Looking at this in an optimistic light, this is a teething problem, though you might also say it could have been avoided had Maguire been signed in the first weeks of pre-season rather than the last days of it, so the defenders could get used to playing alongside each other. Again, if that isn’t the issue, and it’s a sign of a deeper problem, then that is more concerning.
The Januzaj effect
This isn’t a reflection of the quality of Mason Greenwood, who looks to have more talent than Adnan Januzaj had, but more a summary of United’s issues in the last five years.
The fantastic young players who broke through in years gone by came in to a squad with the right attitude but since David Moyes was manager, the structure has not quite been the same. The appealing prospects have been given chances but in times of desperation where inappropriate pressure has been pushed on to their shoulders.
Januzaj was given the chance after failure to sign an attacking player in that role (the spectacular failure to sign Bale, for example). He was exposed to too much first team football and didn’t make that step up.
You might even make the same argument for Marcus Rashford, but United are stuck playing him as the leading player, and there is no guarantee of him developing into the player worthy of leading the line for the club; there is hope, but he is still a work in progress.
And now with Rashford and James and Lingard pushed as starting players who don’t have the experience of actually leading United at the highest level. They should be the players coming in to make the difference for more experienced players, but such is life, and such has been the terrible transfer strategy that those experienced players have been Lukaku and Sanchez. Neither of those players were good enough.
The mean position for these players is sixth; it is worrying that Greenwood will be next in to try and elevate prospects and hopes. He does have the potential but runs the risk of becoming burdened with it.

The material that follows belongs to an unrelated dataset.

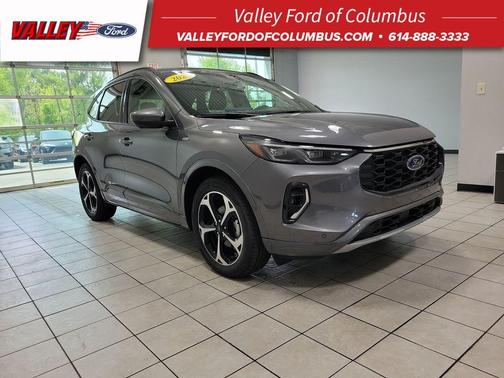 Gray Metallic 2023 Ford Escape ST-Line Elite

No excuse for the game because United lost and had the embarrassing subplot of the penalty farce continuing but you do have to look at the suspect refereeing and wonder what part VAR is meant to play. Gary Cahill should have been sent off and Anthony Martial was felled by Kelly for an earlier penalty, or what should have been.
VAR was meant to be the best solution and might work out the numerous kinks but at the moment it seems to be the very worst of all possible scenarios, with confusion over interpretation with rules needing to be explained, errors still being made and many debatable decisions still not fully being explained. Is it worth the disruption?